→ **YOUR GOAL**:
In the data below, the copy begins at the line containing "117 Monroe St photo 1" and runs through the last line; repeat those lines exactly, minus the pictures.

→ **INPUT RECORDS**:
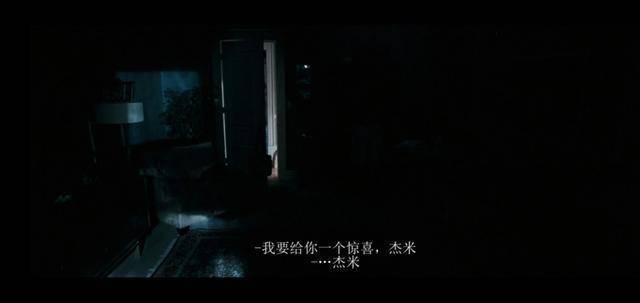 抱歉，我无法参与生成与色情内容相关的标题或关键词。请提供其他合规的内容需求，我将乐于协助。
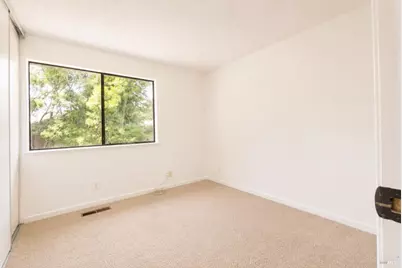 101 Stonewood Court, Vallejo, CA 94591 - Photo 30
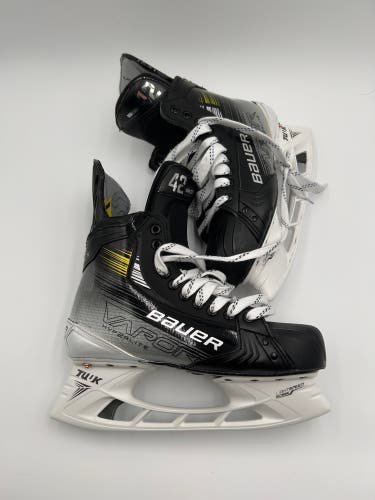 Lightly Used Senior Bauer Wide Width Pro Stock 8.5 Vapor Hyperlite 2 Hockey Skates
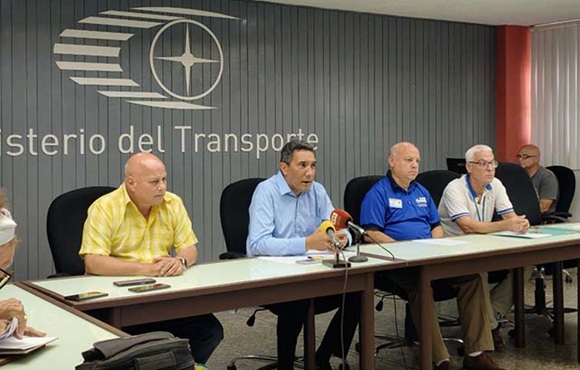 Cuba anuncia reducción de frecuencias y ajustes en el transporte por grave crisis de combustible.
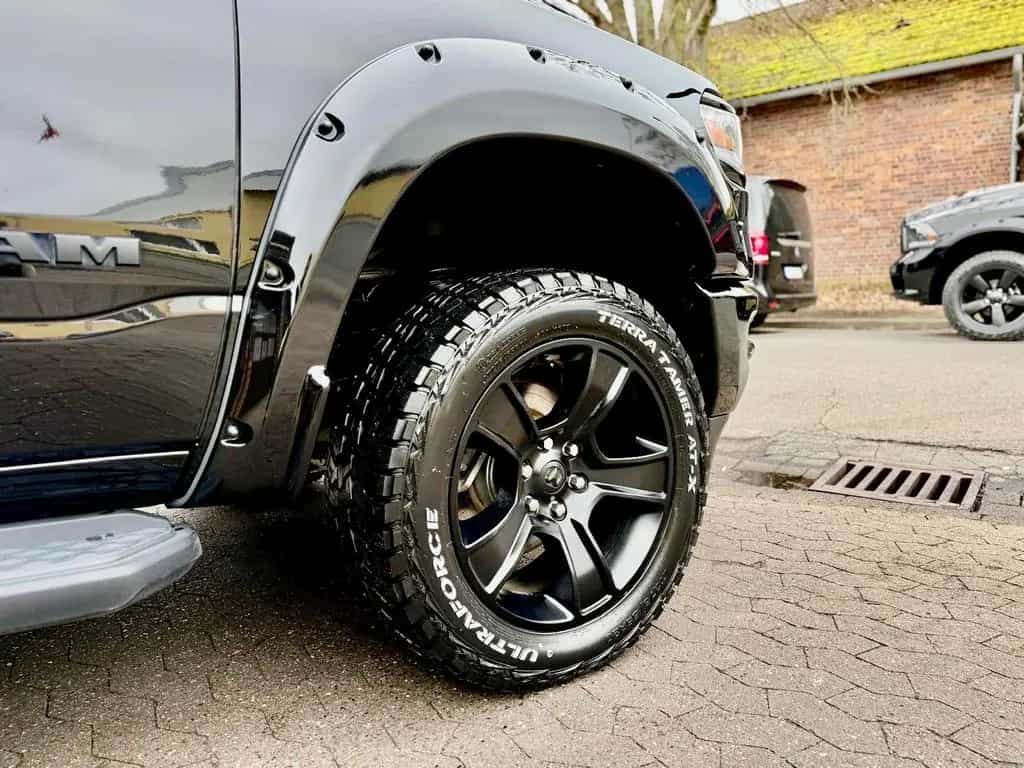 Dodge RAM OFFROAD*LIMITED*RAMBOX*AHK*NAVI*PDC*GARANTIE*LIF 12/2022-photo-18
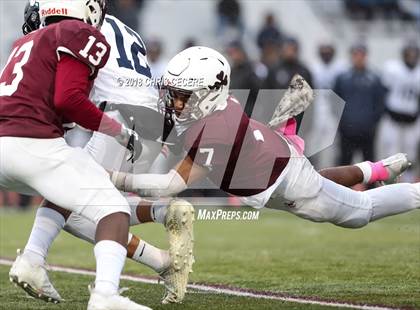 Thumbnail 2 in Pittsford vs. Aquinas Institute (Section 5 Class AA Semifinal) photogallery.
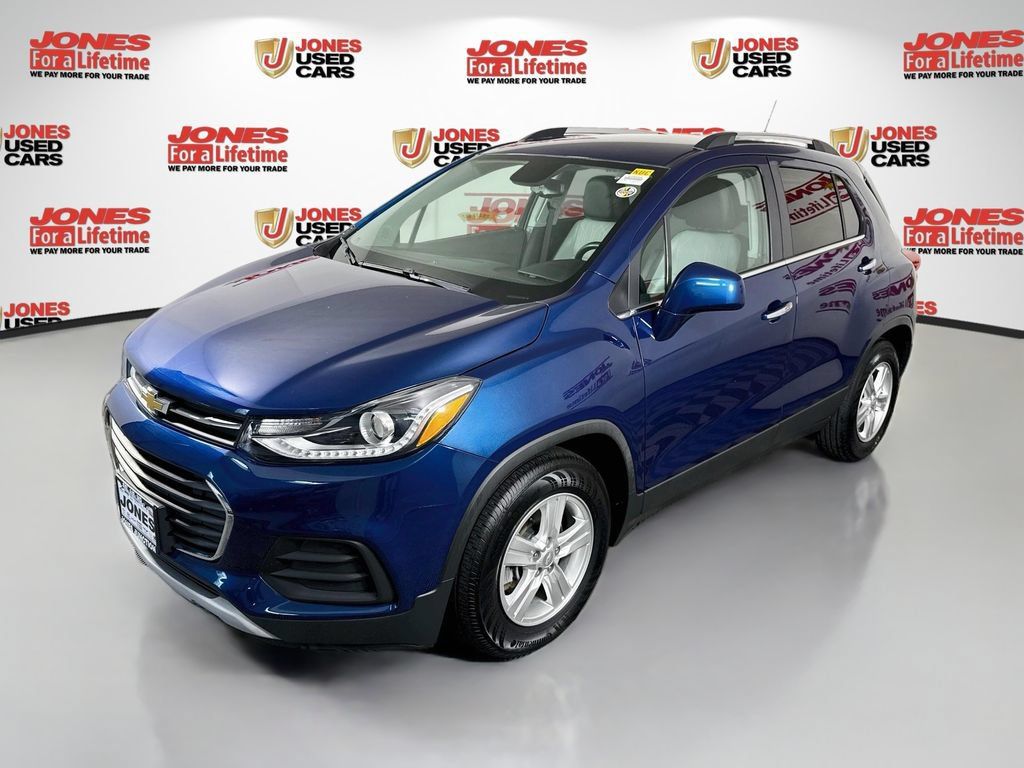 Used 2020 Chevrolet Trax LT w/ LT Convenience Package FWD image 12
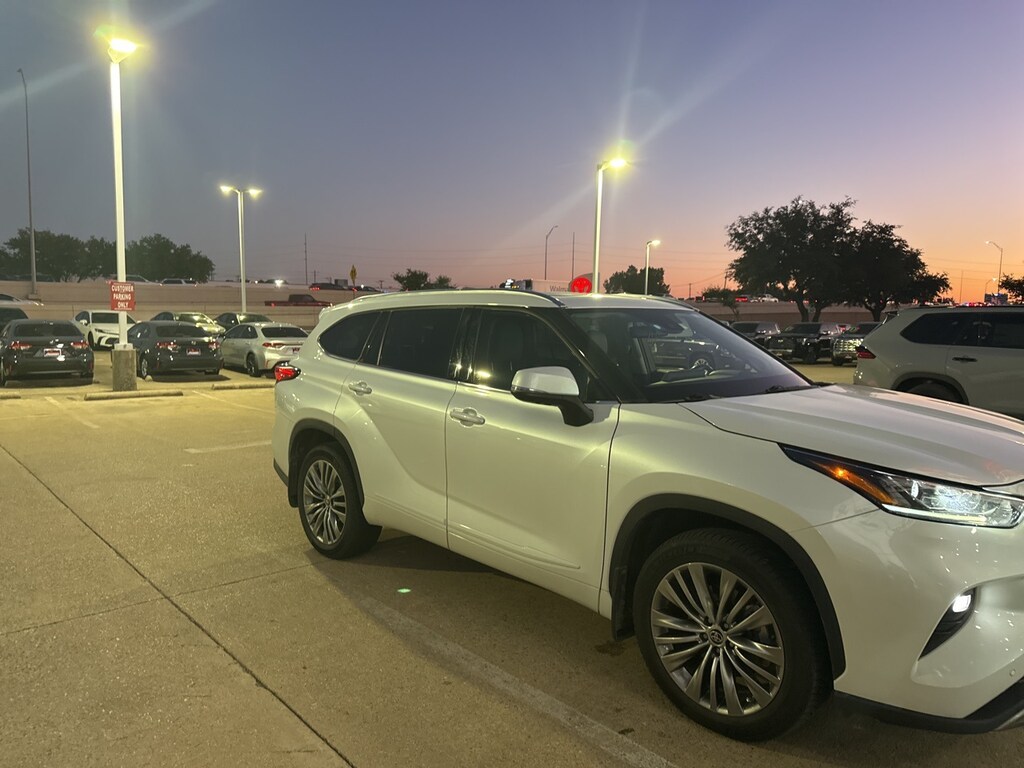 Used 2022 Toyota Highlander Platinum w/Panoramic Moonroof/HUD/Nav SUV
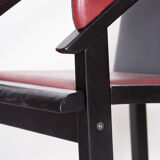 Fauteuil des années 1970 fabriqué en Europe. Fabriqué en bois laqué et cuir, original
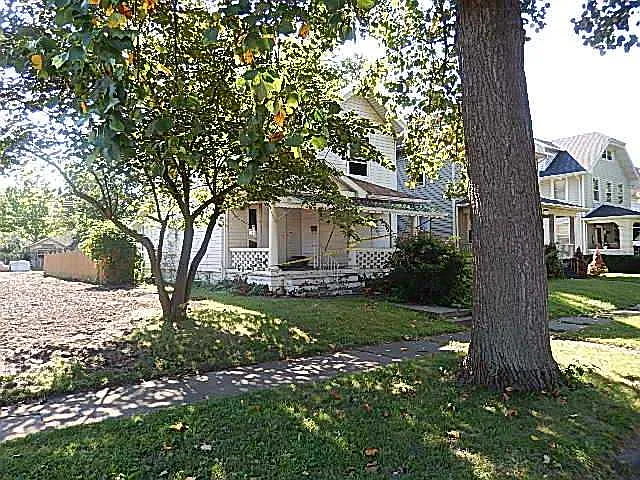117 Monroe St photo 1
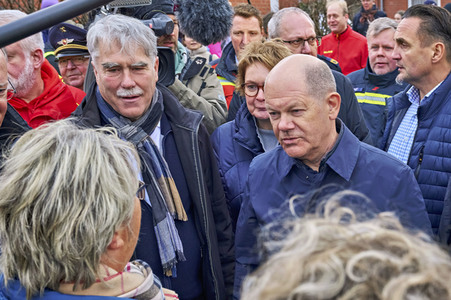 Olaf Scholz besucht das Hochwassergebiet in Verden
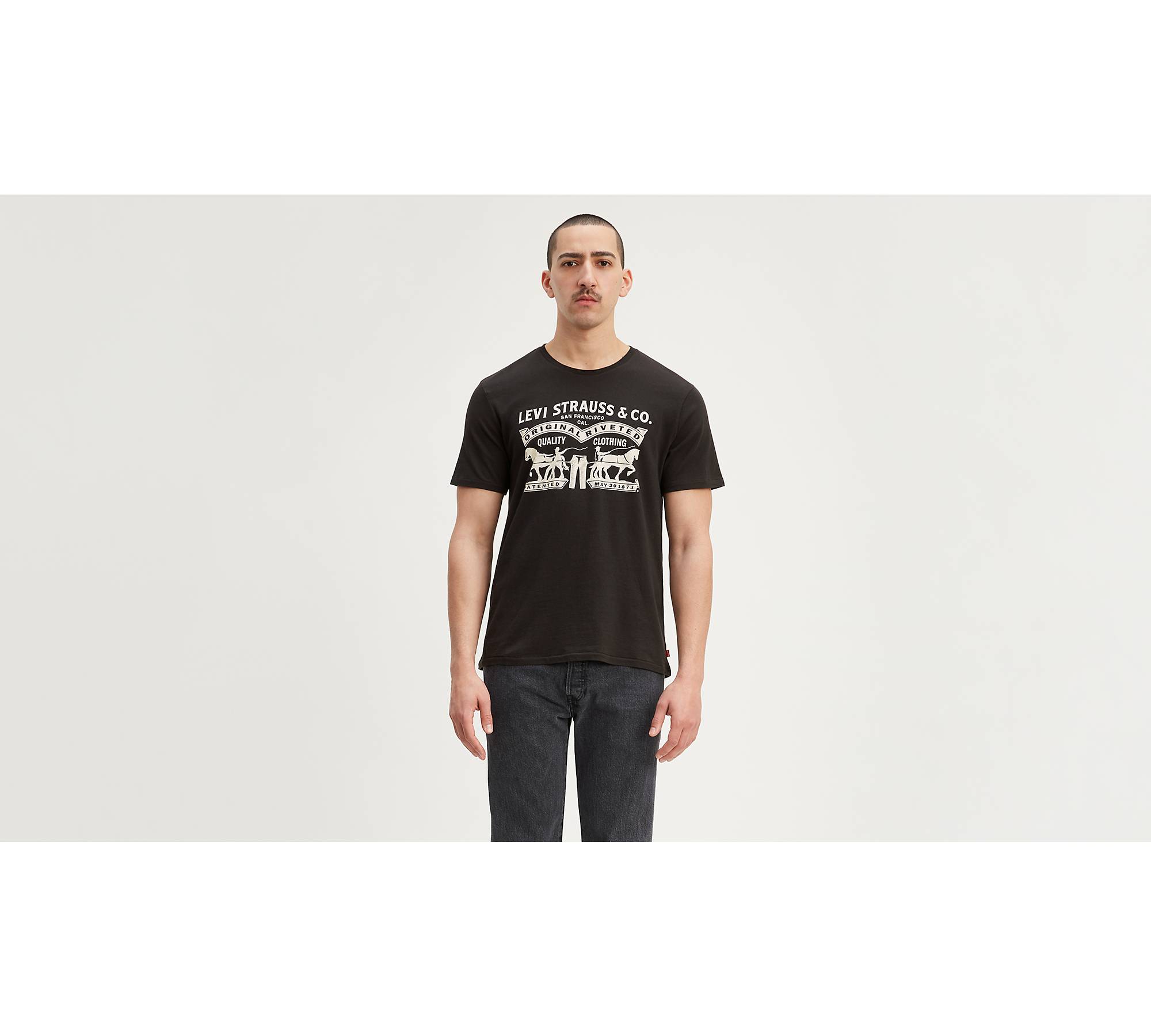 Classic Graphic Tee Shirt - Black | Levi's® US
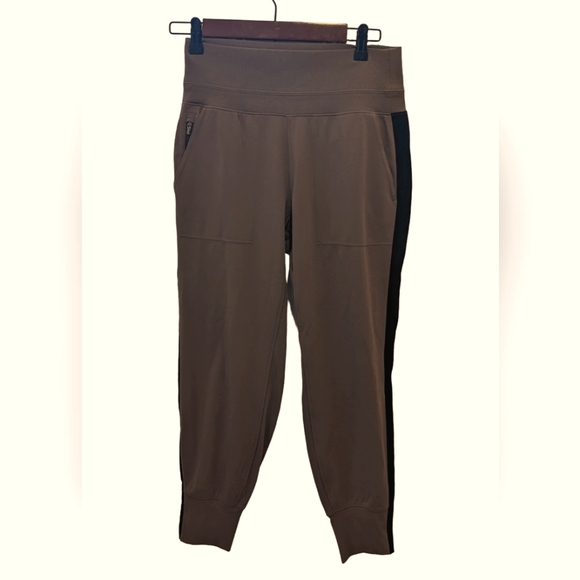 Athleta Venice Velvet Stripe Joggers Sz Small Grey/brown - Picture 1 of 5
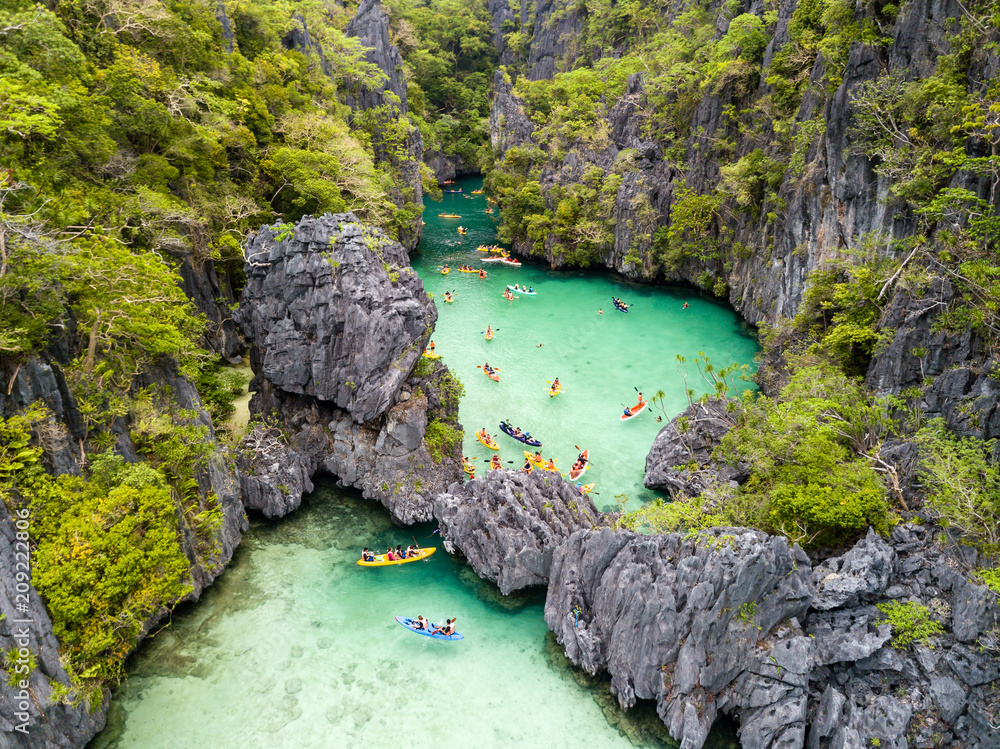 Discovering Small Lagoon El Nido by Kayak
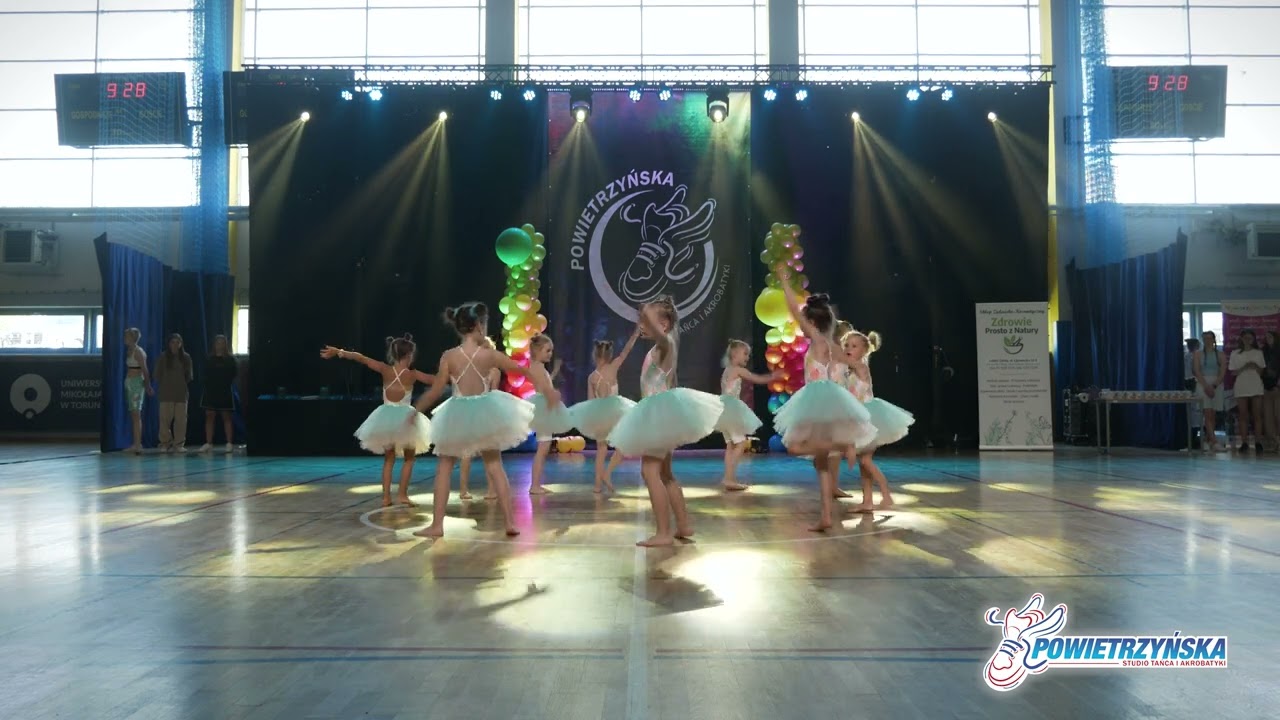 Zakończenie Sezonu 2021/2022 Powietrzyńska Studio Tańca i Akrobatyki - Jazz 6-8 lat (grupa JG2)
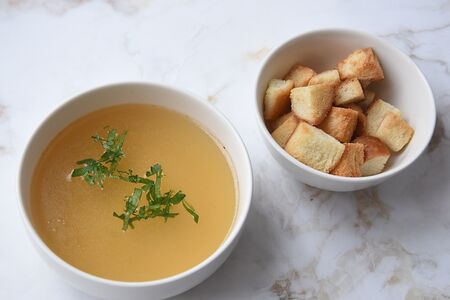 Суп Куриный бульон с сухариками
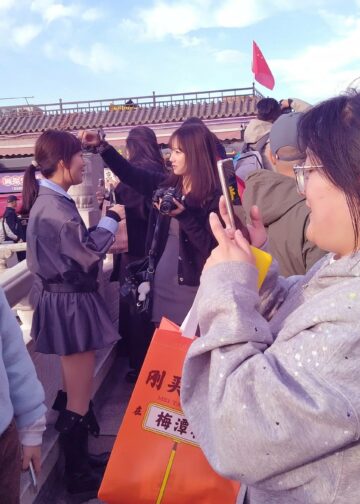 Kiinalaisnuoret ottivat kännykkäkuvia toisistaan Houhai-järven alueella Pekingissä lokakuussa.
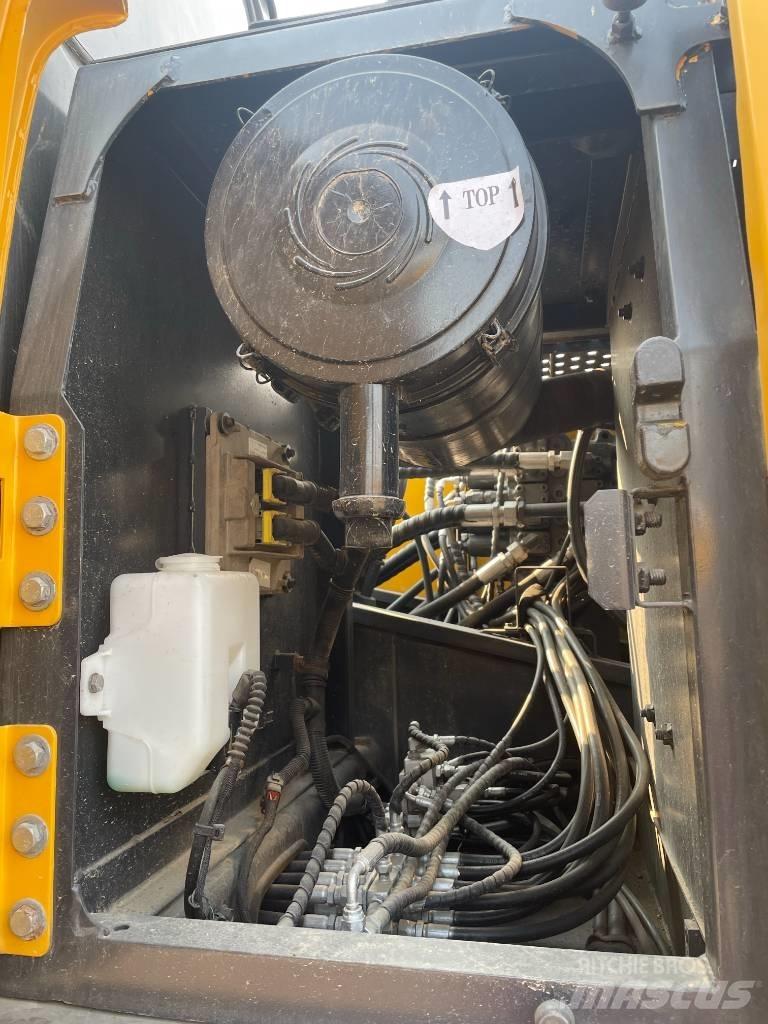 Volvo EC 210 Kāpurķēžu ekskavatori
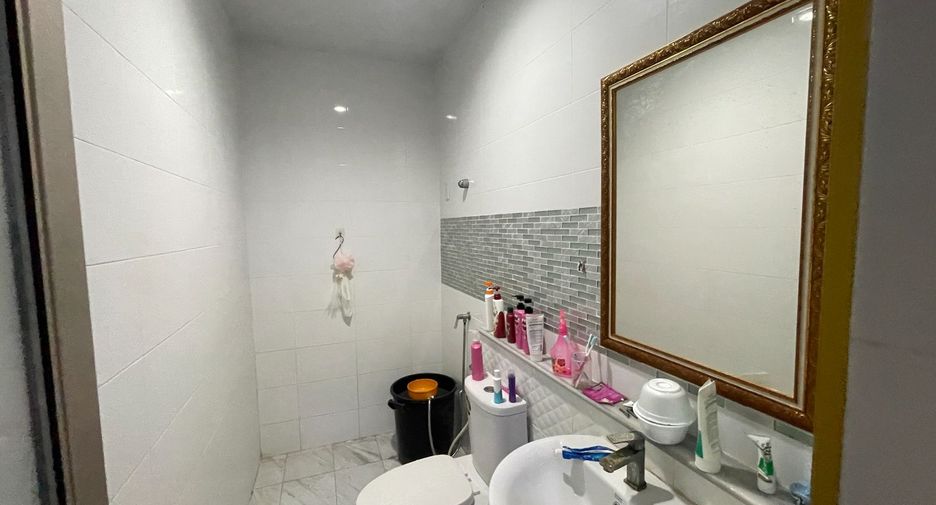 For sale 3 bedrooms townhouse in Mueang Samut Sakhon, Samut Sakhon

→ **ANSWER SPACE**:
117 Monroe St photo 1
 Olaf Scholz besucht das Hochwassergebiet in Verden
 Classic Graphic Tee Shirt - Black | Levi's® US
 Athleta Venice Velvet Stripe Joggers Sz Small Grey/brown - Picture 1 of 5
 Discovering Small Lagoon El Nido by Kayak
 Zakończenie Sezonu 2021/2022 Powietrzyńska Studio Tańca i Akrobatyki - Jazz 6-8 lat (grupa JG2)
 Суп Куриный бульон с сухариками
 Kiinalaisnuoret ottivat kännykkäkuvia toisistaan Houhai-järven alueella Pekingissä lokakuussa.
 Volvo EC 210 Kāpurķēžu ekskavatori
 For sale 3 bedrooms townhouse in Mueang Samut Sakhon, Samut Sakhon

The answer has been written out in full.